MEMORY LANE (Periscope)
“EVERYBODY go out and buy it. Everybody buy this record. If you buy Oasis you might as well buy this as well. The Beatles are great, though, aren’t they?”
DRE DAY (Interscope)
“UM, music by intimidation. That’s what it is, isn’t it, really? We see it on MTV and stuff – y’know, when they bounce the cars up and down? MTV really hasn’t got a clue about what’s street, man, but Dr Dre is street, so I dunno. I do like some of that stuff; I think Cypress Hill are wonderful, but we don’t get exposed to it enough to make any judgment. I think Dre and Snoop Doggy Dogg have been picked up by their record companies, had shit loads of cash spent on them, had shit loads of exposure, so they became the acceptable face of what is unacceptable. It’s completely irrelevant whether they’ve got talent or not. I mean, I think Dr Dre actually has got something going for him because, y’know, they’re all silly keyboard sounds but it has a mood of its own, but I just feel intimidated by it. I can’t like music if the personalities who created it I find threatening or offensive. Sorry. Not because I vote Tory, but because I don’t understand it. I find it dull; it’s boring. It’s had loads of money spent on it and a lot of white people sit around going, ‘Yeah, this is great, and not knowing why. All I get is intimidation.”

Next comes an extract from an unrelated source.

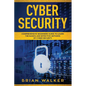 Cyber Security: Comprehensive Beginners Guide to Learn the Basics and Effective Methods of Cyber Security - Paperback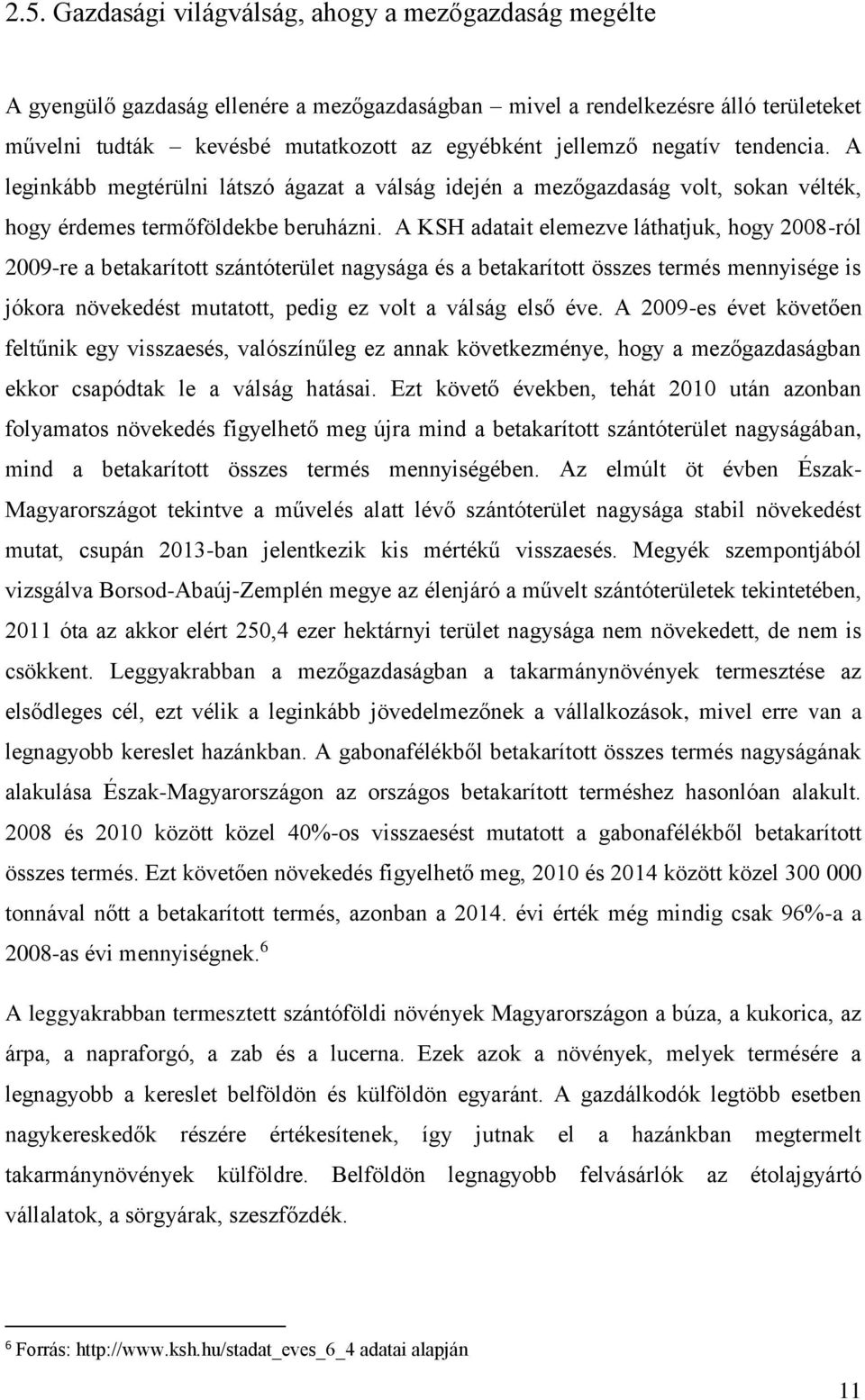 A KSH adatait elemezve láthatjuk, hogy 2008-ról 2009-re a betakarított szántóterület nagysága és a betakarított összes termés mennyisége is jókora növekedést mutatott, pedig ez volt a válság első éve.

CONFIDE IN ME (deconstruction)
“KYLIE gets serious; I read it in The Face. It’s like Saint Etienne and it’s really doomy. Shit, looks like doom’s in. Good job our next album’s really happy, isn’t it? It’s alright. Get played, won’t it? It’s Kylie, everyone loves Kylie. It’s a bit surreal, though. The figure of the late Eighties who has absolutely no artistic control over anything she does at all, suddenly comes back saying she wants to be taken seriously now. Maybe we should do that as well. Maybe everybody should do that.”
EVERYWHERE EP (Tongue & Groove)
“IF I went into a bar and this was playing, I’d know I was in the wrong bar. But it will be playing in lots of bars soon.”
MADAME YEVONDE (elemental)
“WHEN it started up I knew where it would go, it went there and then it stopped. It was quite good, you know… Okay, it’s not.”
“THE Collapsed Lung mix is really good, great sounds. You can blow your stereo up with it. It’s like a landscape, it’s quite empty and it’s really nice, but the vocals screw it up for me because they’re so dull. Take the vocals off and it’d be great; ambient, but really good.”
CAR SEX (Sony Soho Square)
“I HEARD she was gonna make a comeback, and this is it, isn’t it? Smacks of record company involvement again, to me. “
JUST A MISDEMEANOR (Abstract Sounds)
“IT seems like there’s a lot of aggression there which is overlooking everything else. It certainly alienates me listening to it because it’s not the sort of aggression that’s coming out in the right way. It sounds like the fact that they’re good live is to do with how quietly and then how loudly they con play.”